| TASK STATEMENT |
Retype all of the listing exactly, passing over any picture you find.

| PROVIDED RECORDS |

--------

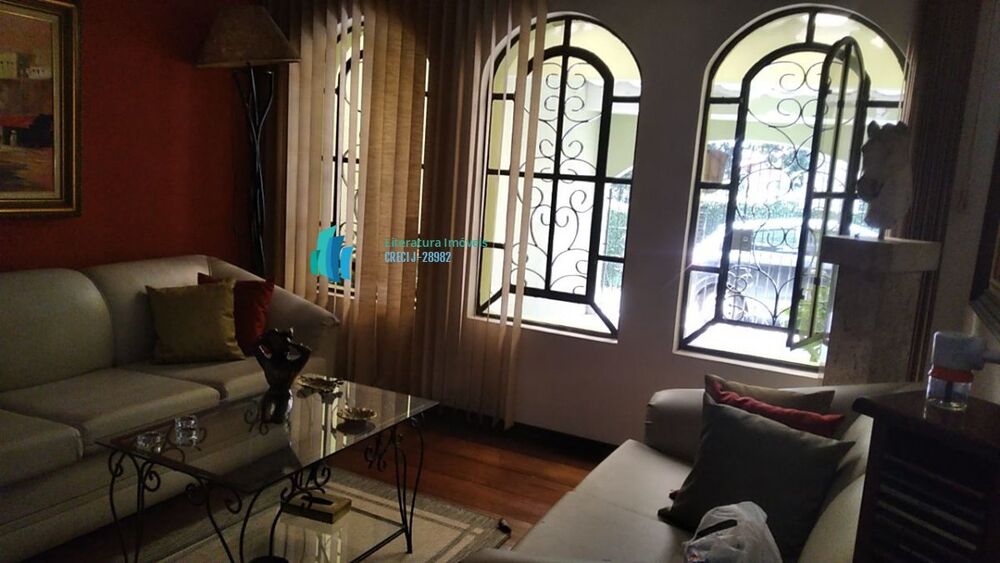 Sobrado, 3 quartos, 249 m² - Foto 2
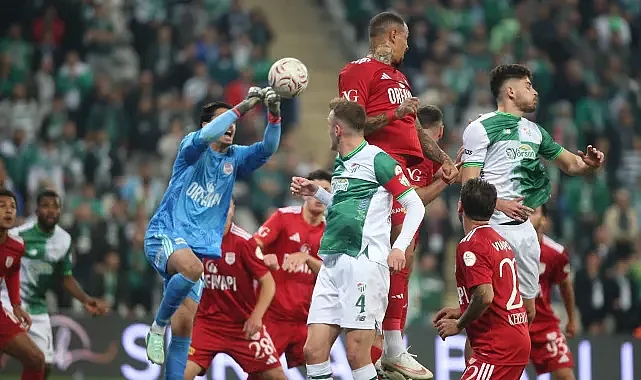 Bursaspor evinde rahat kazandı, zirveye çok yaklaştı!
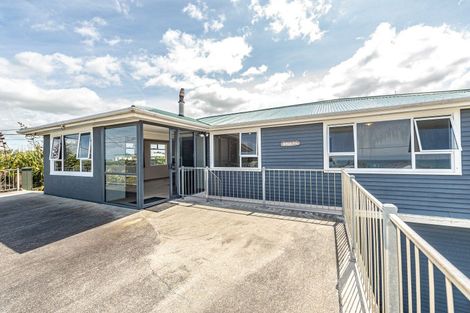 Photo of property in 86 Karaka Street, Castlecliff, Whanganui, 4501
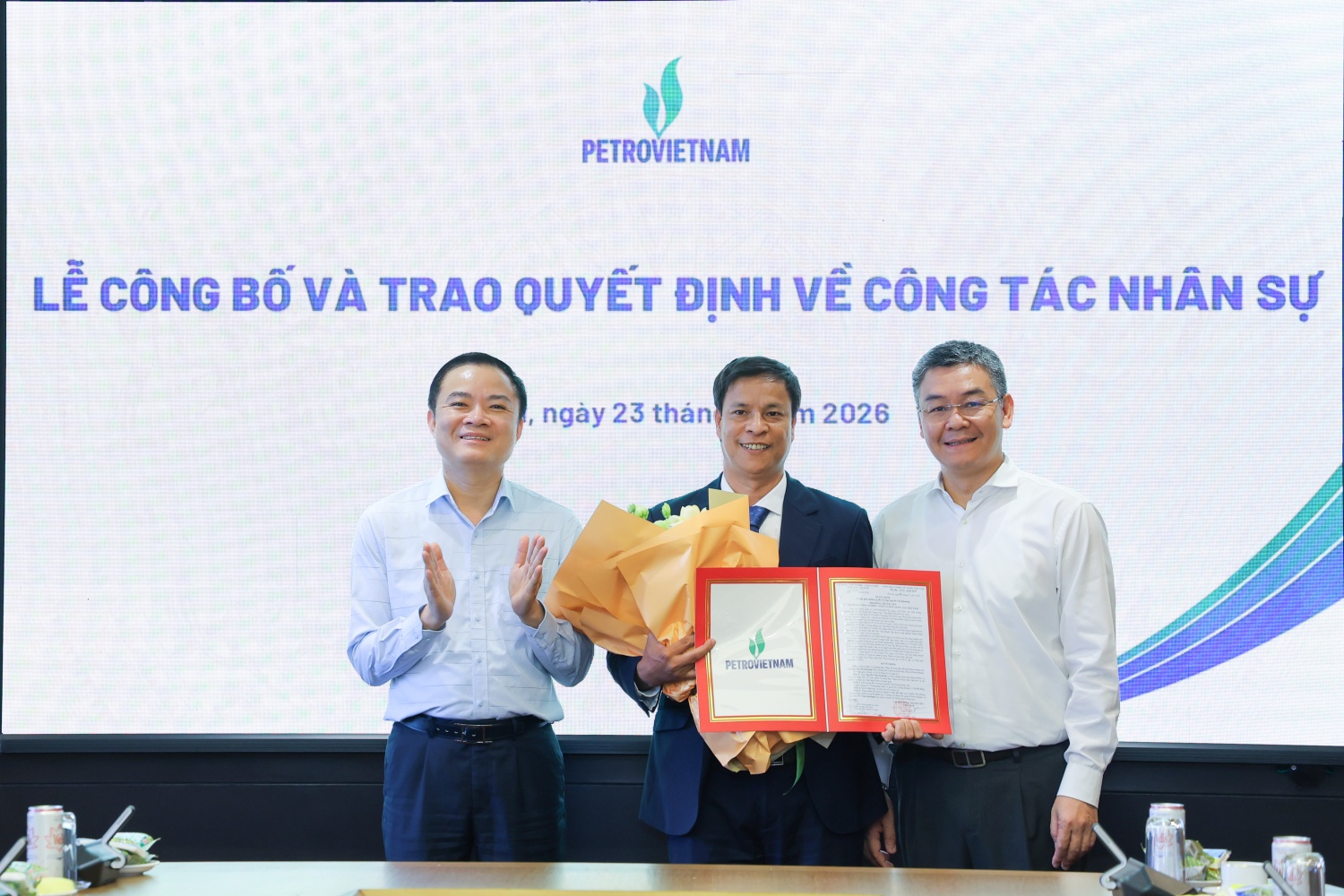 Trao quyết định giao nhiệm vụ Trưởng Ban Thăm dò Khai thác dầu khí Petrovietnam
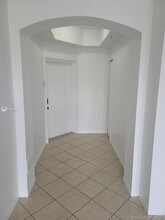 8882 W Flagler St-Unit -207 in Miami, FL - Building Photo - Building Photo
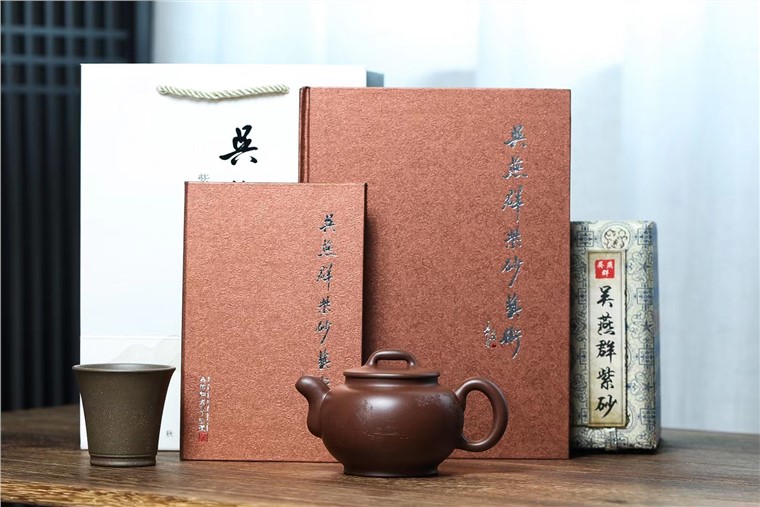 吴燕群作品 圆腹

--------

| THE ANSWER |
 Sobrado, 3 quartos, 249 m² - Foto 2
 Bursaspor evinde rahat kazandı, zirveye çok yaklaştı!
 Photo of property in 86 Karaka Street, Castlecliff, Whanganui, 4501
 Trao quyết định giao nhiệm vụ Trưởng Ban Thăm dò Khai thác dầu khí Petrovietnam
 8882 W Flagler St-Unit -207 in Miami, FL - Building Photo - Building Photo
 吴燕群作品 圆腹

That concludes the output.